Novels and their interiors

Novels and their interiors

Escape into the world of literary interiors with Elizabeth Metcalfe – deputy features editor at House & Garden magazine – and her favourite fictional homes.

So often we turn to books to escape – to momentarily forget our reality and enter a new world that may inspire, delight or even terrify us. Whether it’s physically reading a book or listening to an audio version, novels offer a springboard into a whole new imaginative world. Writer Jeanette Winterson describes it beautifully: “A book is a door; on the other side is somewhere else.” The books that I tend to find myself most drawn to are the ones that literally open doors and explore domestic environments – from grand country castles to charming cottages. Here are five of my favourites.

1. Sense and Sensibility by Jane Austen

Jane Austen’s 1811 novel kicks off with Mrs Dashwood and her three daughters, Elinor, Margaret and Marianne, having to leave their large estate in Sussex for Barton Cottage, a small house in Devonshire that they’re offered by a distant relative. Although the tiled roof and lack of honeysuckle are at first a disappointment, the Dashwoods soon settle in and the “comfortable and compact” cottage quickly becomes the backdrop to many a meeting with potential suitors. One of these, the handsome – if not flawed – Mr Willoughby, even sees the cottage as far superior to his own country pile. “To me it is faultless. Nay, more, I consider it as the only form of building in which happiness is attainable, and were I rich enough I would instantly pull Combe down, and build it up again in the exact plan of this cottage.”

2. Brideshead Revisited by Evelyn Waugh

Perhaps one of the most famous fictional houses, Brideshead Castle plays a central role in Evelyn Waugh’s 1945 classic. The entire book plays out against the backdrop of the house and the conventions it represents. When the novel’s protagonist, Charles Ryder, first visits the home of the Flyte family with its young heir Sebastian, he glimpses the Inigo Jones masterpiece from the head of a valley half a mile away. He’s immediately enchanted with the grand estate and its wrought iron gates, Doric temple, domes and lakes. “It was an aesthetic education to live within those walls, to wander from room to room, from the Soanesque library to the Chinese drawing-room, adazzle with gilt pagodas and nodding mandarins, painted paper and Chippendale fret-work.”

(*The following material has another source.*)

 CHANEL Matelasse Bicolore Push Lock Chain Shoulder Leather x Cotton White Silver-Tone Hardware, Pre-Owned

3. Beloved by Toni Morrison

“124 was spiteful. Full of baby’s venom.” The opening of Toni Morrison’s Pulitzer Prize winning novel sets the tone for the rest of the book, which explores the legacy of slavery in 19th-century America. “124” refers to 124 Bluestone Road in Cincinnati, Ohio, where Sethe, a former slave, lives with her daughter Denver. The grey and white two-storey house is haunted by the spirit of Sethe’s daughter, who Sethe, in a tragic turn of events, killed to protect from a return to a plantation. It’s a place of “turned-over slop jars, smacks on the behind, and gusts of sour air”. The interior, of course, isn’t the point of this book, but it does act as a crucial backdrop. The narrative jumps between life at 124 Bluestone Road and Sethe’s life on a plantation in Kentucky in what is a shocking, but deeply important story.

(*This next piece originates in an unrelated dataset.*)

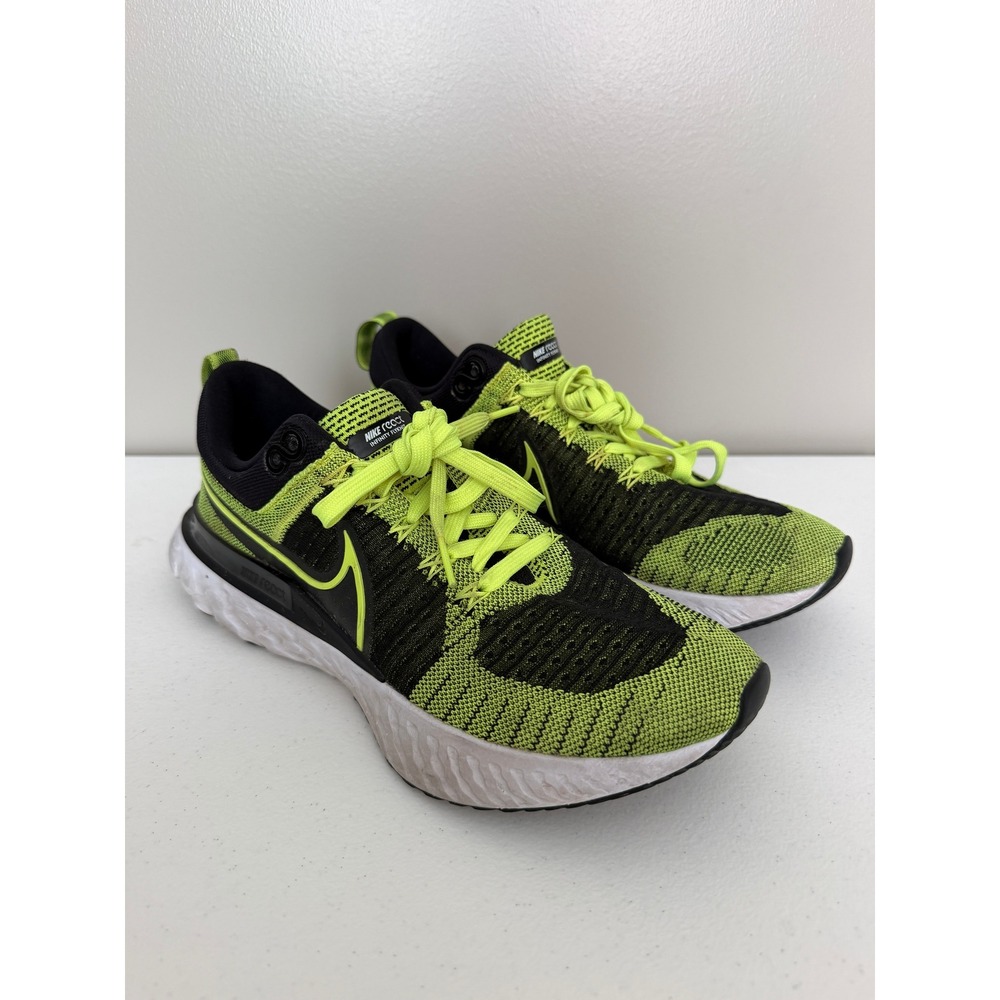 Nike React Infinity Run Flyknit Mens 9.5 Volt Black Running Shoes CT2357-700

4. Rebecca by Daphne Du Maurier

Manderley, the eerie country estate in Daphne Du Maurier’s Gothic novel, is a character in its own right. Laden with memories and emotions, this is an unnerving house, filled with heirlooms and relics from the days when Maxim de Winter lived there with his first wife, Rebecca. For his new wife, Manderley, is “secretive and silent...a jewel in the hollow of a hand”. It’s a place of mysterious rooms and “quiet and dark” corridors, which we explore through the new Mrs De Winter’s narrative. “I opened a door at hazard, and found a room in total darkness, no chink of light coming through the closed shutters, while I could see dimly, in the centre of the room, the outline of furniture swathed in white dust-sheets.”

5. Late in the Day by Tessa Hadley

Homes, friendships, family dynamics and the minutiae of daily life are at the heart of Tessa Hadley’s novels. This one, published in 2019, explores the intertwined lives of two couples who have been friends since their days as students. Christine, an artist, and her teacher husband, Alex, live in a first-floor flat in north London, while Zachary, an art dealer, and his wife, Lydia, live in a coolly renovated all steel, glass and parquet house. Hadley’s descriptions of domestic environments are rich, giving insight not only into the internal worlds of her characters but also providing hints at how the plot may develop. At the beginning of the novel, Christine heads up into her bedroom to take a phone call that will change everything, – the “sharp angles of the roof” and the thick smells of “traffic fumes” and “dusty carpets” act as a metaphor for what will soon ensue.